Author Topic: recoll seems to only index html and txt files [SOLVED]  (Read 455 times)

Offline spottyrover

  • Full Member
  • ***
  • Posts: 80
recoll seems to only index html and txt files [SOLVED]
« on: January 27, 2013, 09:34:01 PM »
I am trying to use recoll to index my drive so that I can search inside docś and pdf files.
I noticed this warning after the initial index  


External applications/commands needed and not found for indexing your file types: (/home/david/.recoll//missing):

pstotext (application/postscript)
rcldoc (application/msword)
rclpdf (application/pdf)
rclpython (text/x-python)
rclsoff (application/vnd.sun.xml.calc application/vnd.sun.xml.draw application/vnd.sun.xml.writer)
rclsvg (image/svg+xml)
rcltex (text/x-tex)
rclxml (application/xml text/xml)
xls2csv (application/vnd.ms-excel)

So my question is where do I find these files as they are not available in synaptic

Thanks for your help

Dave
« Last Edit: February 19, 2013, 12:25:35 AM by spottyrover »
pclos 32bit lxde (fast), kernel 3.2.18-pclos2.pae, AMD Athlon(tm) II X4 620, nvidia gforce 8400gs driver 310.19-1pclos. 12 gig ram
Favorite software tvheadend / Xbmc

Offline medoc

  • New Friend
  • *
  • Posts: 7
Re: recoll seems to only index html and txt files.
« Reply #1 on: January 29, 2013, 11:11:12 AM »
Recoll should list the installable applications, not the name of the filters. This is a bug ! I'll look into it.

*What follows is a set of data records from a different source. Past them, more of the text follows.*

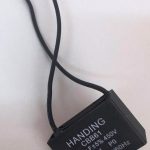 91495.JPG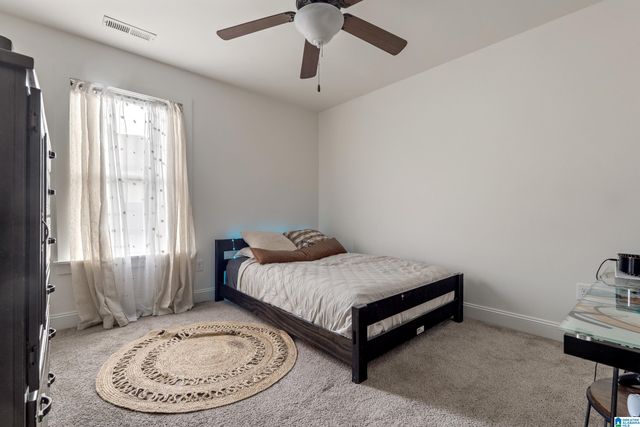 108 KILBERRY CIRCLE, Pelham, AL 35124
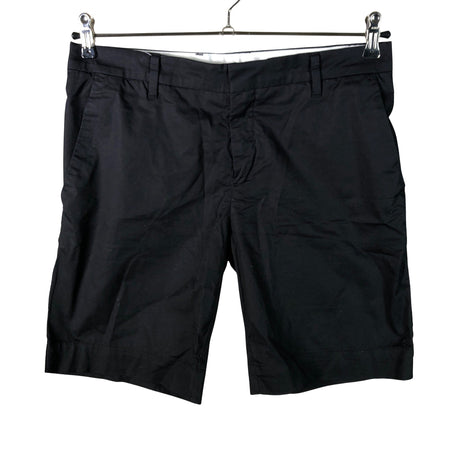 Unisex Peak Performance - Shorts, size W29 - Black ()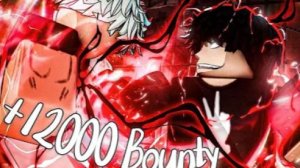 [Даже ребёнок познав БОЛЬ становится Данилом pt 2 ПЕРЕЗАЛИВ]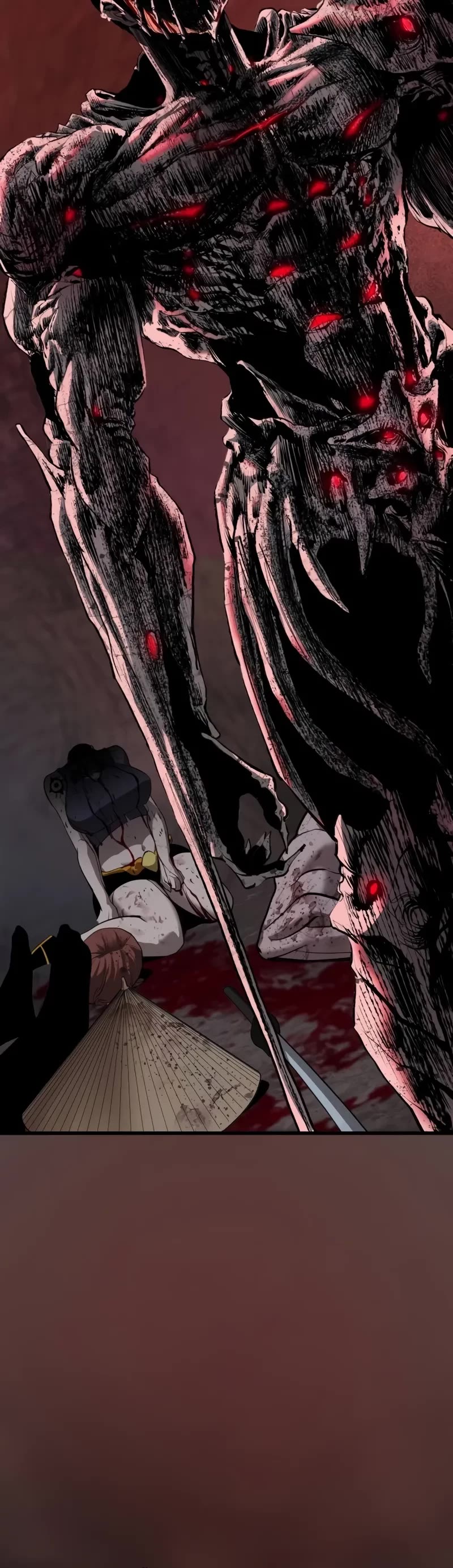 Bones chapter 2 page 115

[edit] recollindex listing the names of the filter programs instead of the names of the actual applications would seem to indicate an installation problem: the filter scripts are probably missing or are not executable. The filter scripts (rcldoc, rclpdf, etc.) should be found under /usr/share/recoll/filters, and should be executable. Could you please check that this is the case ?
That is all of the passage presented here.